Al parecer, los que vivimos a la sombra del Sistema Central, nos negamos a referirnos a él en su conjunto y distinguimos hasta treinta y una sierras, cada una de ellas tan importante como la distancia que las separa de nuestra casa o de nuestro corazón. Algunas de estas sierras se adentran en Portugal, ese territorio de querencia hispana con el que muchos soñamos de vez en cuando. El mapa físico que consulto señala cinco -la Sierra de Ayllón, la de Somosierra, la de Guadarrama, la de Gredos y la de Gata- antes de que la cordillera se decolore a su paso por la frontera del país vecino.

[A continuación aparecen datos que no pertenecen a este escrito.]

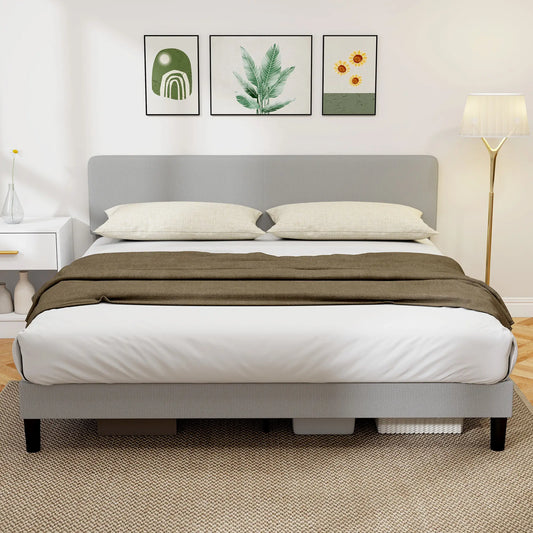 King Size Bed Frame, Adjustable Upholstered Headboard, Wood Slat Support, Light Grey Bed Frames Light Grey at Gallery Canada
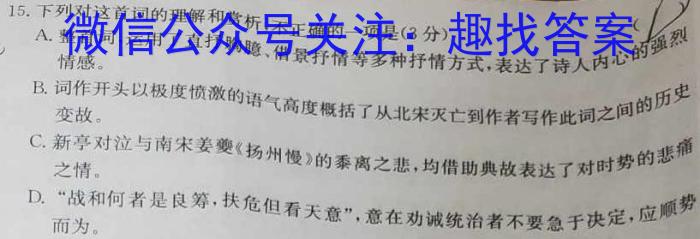 安徽省2023-2024学年度九年级上学期期中综合评估【2LR】/语文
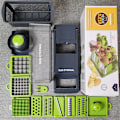 Miniatyrbillede 1 af 5: Køkkenredskaber 14 i 1 Grøntsagsskærer Manuel Mandolin Frugt Grøntsagsskærer Løg Dicer Grøntsagshakker*ryy 14PCS SETS-Grey&GREEN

Pero ayer, ya bien rebasado en el frío de la mañana invernal el número quinientos de la calle Alcalá, observando el paisaje que se abría ante mis ojos, me sentí en el límite del mundo conocido, como un navegante en Finisterre, como un astronauta fuera de la nave, y al pasar junto al gran edificio de Porcelanosa me convencí de haber entrado en un hiperespacio y di gracias por esa misma calle Alcalá que pisaba sintiendo que, ante cualquier imprevisto, era el túnel que me llevaría de nuevo a casa, en un viaje recto y vertiginoso hacia mi pequeño universo doméstico.